Task data:
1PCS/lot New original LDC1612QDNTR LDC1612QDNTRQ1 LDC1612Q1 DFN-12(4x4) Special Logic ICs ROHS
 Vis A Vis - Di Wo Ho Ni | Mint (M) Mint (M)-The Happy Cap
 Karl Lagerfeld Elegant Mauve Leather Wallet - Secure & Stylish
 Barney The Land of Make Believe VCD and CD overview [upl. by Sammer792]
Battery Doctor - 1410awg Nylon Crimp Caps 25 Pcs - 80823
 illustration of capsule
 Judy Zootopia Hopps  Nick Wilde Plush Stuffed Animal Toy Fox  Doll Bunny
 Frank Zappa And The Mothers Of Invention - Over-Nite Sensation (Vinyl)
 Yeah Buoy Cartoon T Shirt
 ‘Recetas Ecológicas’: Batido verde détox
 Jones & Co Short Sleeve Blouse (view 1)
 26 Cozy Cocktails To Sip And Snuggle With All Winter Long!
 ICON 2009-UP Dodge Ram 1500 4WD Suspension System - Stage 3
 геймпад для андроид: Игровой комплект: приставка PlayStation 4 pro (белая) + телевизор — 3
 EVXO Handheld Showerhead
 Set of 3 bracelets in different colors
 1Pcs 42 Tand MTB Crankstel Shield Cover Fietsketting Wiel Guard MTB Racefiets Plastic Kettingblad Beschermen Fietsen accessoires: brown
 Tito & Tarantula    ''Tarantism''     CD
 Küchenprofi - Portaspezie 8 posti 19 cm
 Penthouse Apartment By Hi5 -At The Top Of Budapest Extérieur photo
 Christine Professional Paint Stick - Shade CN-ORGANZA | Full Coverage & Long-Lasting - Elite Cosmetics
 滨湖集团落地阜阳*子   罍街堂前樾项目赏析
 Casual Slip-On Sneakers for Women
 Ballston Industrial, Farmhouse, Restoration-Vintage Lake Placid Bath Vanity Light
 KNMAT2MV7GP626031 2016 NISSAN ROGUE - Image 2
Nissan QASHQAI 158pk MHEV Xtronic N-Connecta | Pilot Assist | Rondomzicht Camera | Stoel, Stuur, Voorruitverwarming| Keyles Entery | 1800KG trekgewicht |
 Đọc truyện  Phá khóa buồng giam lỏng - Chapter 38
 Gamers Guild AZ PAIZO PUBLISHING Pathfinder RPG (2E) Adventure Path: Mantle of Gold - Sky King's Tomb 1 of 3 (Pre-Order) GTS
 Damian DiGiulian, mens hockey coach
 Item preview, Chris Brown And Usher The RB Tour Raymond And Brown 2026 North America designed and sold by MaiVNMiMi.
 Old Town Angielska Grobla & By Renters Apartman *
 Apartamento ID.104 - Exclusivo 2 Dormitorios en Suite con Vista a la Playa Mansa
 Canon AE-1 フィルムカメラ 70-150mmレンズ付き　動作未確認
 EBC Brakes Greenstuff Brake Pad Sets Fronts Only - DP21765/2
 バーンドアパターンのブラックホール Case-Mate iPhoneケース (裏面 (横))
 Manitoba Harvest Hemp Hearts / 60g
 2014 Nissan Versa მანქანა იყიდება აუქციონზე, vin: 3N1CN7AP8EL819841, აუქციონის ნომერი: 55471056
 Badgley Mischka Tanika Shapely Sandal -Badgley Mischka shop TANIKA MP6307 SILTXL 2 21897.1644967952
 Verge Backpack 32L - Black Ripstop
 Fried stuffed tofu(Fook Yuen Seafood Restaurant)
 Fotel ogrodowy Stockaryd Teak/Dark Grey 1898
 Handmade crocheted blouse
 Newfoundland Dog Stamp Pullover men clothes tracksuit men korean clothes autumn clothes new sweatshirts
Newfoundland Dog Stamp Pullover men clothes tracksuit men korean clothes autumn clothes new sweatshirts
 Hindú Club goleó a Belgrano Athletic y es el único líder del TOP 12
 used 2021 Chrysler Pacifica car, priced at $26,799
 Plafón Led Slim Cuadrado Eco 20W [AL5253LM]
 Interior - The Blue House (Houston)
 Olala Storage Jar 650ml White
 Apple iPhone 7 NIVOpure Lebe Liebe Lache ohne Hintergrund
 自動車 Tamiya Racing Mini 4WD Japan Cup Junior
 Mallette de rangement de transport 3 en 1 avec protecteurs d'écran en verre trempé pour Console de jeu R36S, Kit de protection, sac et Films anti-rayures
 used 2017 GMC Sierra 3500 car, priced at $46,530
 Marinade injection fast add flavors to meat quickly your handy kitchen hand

What is needed: From the first line of the records through the line with "Yeah Buoy Cartoon T Shirt", retype everything word for word, including both ends.

Solution:
1PCS/lot New original LDC1612QDNTR LDC1612QDNTRQ1 LDC1612Q1 DFN-12(4x4) Special Logic ICs ROHS
 Vis A Vis - Di Wo Ho Ni | Mint (M) Mint (M)-The Happy Cap
 Karl Lagerfeld Elegant Mauve Leather Wallet - Secure & Stylish
 Barney The Land of Make Believe VCD and CD overview [upl. by Sammer792]
Battery Doctor - 1410awg Nylon Crimp Caps 25 Pcs - 80823
 illustration of capsule
 Judy Zootopia Hopps  Nick Wilde Plush Stuffed Animal Toy Fox  Doll Bunny
 Frank Zappa And The Mothers Of Invention - Over-Nite Sensation (Vinyl)
 Yeah Buoy Cartoon T Shirt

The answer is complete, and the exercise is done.